Common Flowering Quince
Chaenomeles speciosa
Few shrubs announce spring with such reckless generosity. Common Flowering Quince smothers its bare, thorny branches in scarlet blooms months before most gardens stir, then offers up its knobby yellow-green fruits as a bonus for those patient enough to wait.
Chaenomeles speciosa arrived in Western gardens from China in the late 18th century and has been earning its place ever since, particularly in the American South where it blooms in March like a small fire along the fence line. Growing 6 to 12 feet tall with the tangled, thorny architecture of a shrub that means business, it earns its keep through sheer endurance: drought, shade, poor soils, and deer pressure all leave it largely unbothered. Acid soil suits it; alkaline soil does not, and this is worth knowing before planting.

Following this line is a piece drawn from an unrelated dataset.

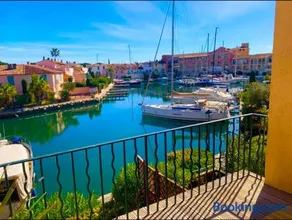 Terrasse ensoleillée sur les canaux - Image 1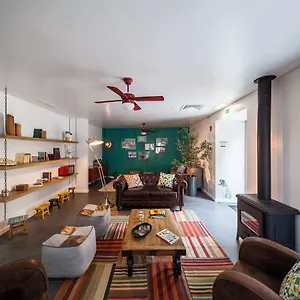 moon-hill-hostel.hotels-lisbon-portugal.com/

The flowers are classically scarlet and five-petaled, opening on bare wood before the leaves emerge, making them all the more striking against the winter-grey garden. What follows is a small, hard, astringent fruit that ripens yellow-green in autumn. Few people eat them fresh, but boiled down with sugar they make a firm, fragrant jelly with a flavor entirely their own. Prune lightly after flowering to shape; prune hard if fruit is not a priority. As an informal hedge or specimen in a hot, dry spot, it has few rivals among flowering shrubs for that raw, early-season impact.